● **TASK STATEMENT**: Leave out the pictures and retype, exactly, the lines below from the line with "Hello, and welcome" up to and including the line with "When you look", nothing more.
===== DATASET ENTRIES =====
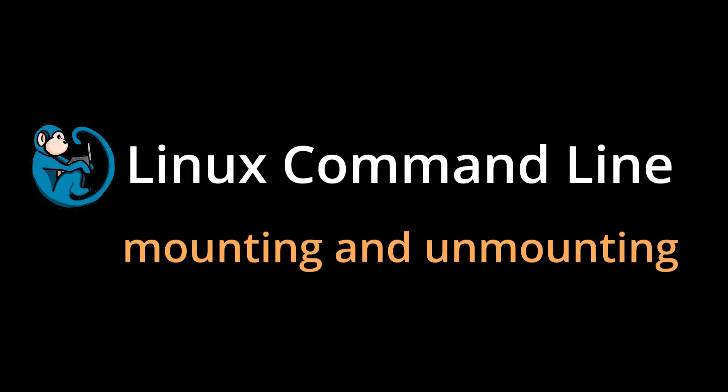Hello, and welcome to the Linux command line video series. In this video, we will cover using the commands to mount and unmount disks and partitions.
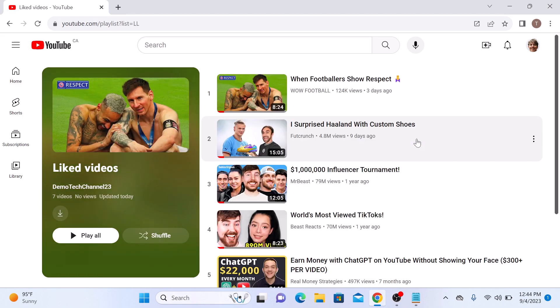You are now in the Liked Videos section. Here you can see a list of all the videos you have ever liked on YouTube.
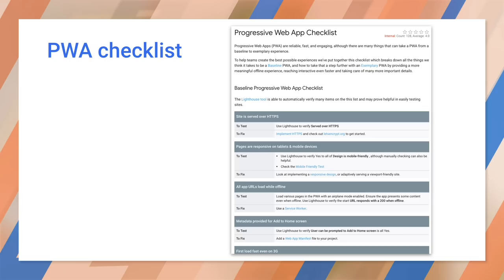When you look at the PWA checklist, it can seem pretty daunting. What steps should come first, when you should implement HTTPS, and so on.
=====
===== DATASET ENTRIES =====
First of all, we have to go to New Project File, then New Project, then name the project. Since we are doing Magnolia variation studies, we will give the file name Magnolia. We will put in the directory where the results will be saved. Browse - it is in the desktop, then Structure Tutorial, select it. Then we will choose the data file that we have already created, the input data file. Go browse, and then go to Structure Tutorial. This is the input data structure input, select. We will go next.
=====
===== DATASET ENTRIES =====
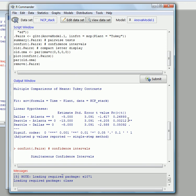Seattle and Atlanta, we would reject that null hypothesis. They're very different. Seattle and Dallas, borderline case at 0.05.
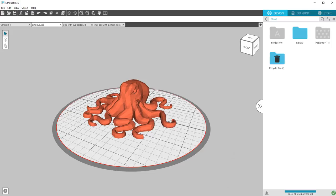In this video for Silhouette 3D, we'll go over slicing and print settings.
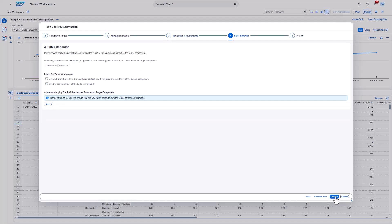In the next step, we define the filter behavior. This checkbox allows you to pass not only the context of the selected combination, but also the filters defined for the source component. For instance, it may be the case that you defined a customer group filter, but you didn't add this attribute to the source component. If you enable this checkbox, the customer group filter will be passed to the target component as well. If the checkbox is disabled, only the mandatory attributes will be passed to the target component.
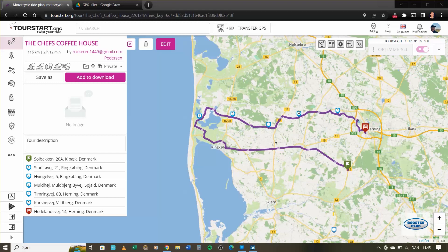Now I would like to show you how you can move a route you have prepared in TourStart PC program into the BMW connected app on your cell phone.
=====
● **REPLY**:
Hello, and welcome to the Linux command line video series. In this video, we will cover using the commands to mount and unmount disks and partitions.
You are now in the Liked Videos section. Here you can see a list of all the videos you have ever liked on YouTube.
When you look at the PWA checklist, it can seem pretty daunting. What steps should come first, when you should implement HTTPS, and so on.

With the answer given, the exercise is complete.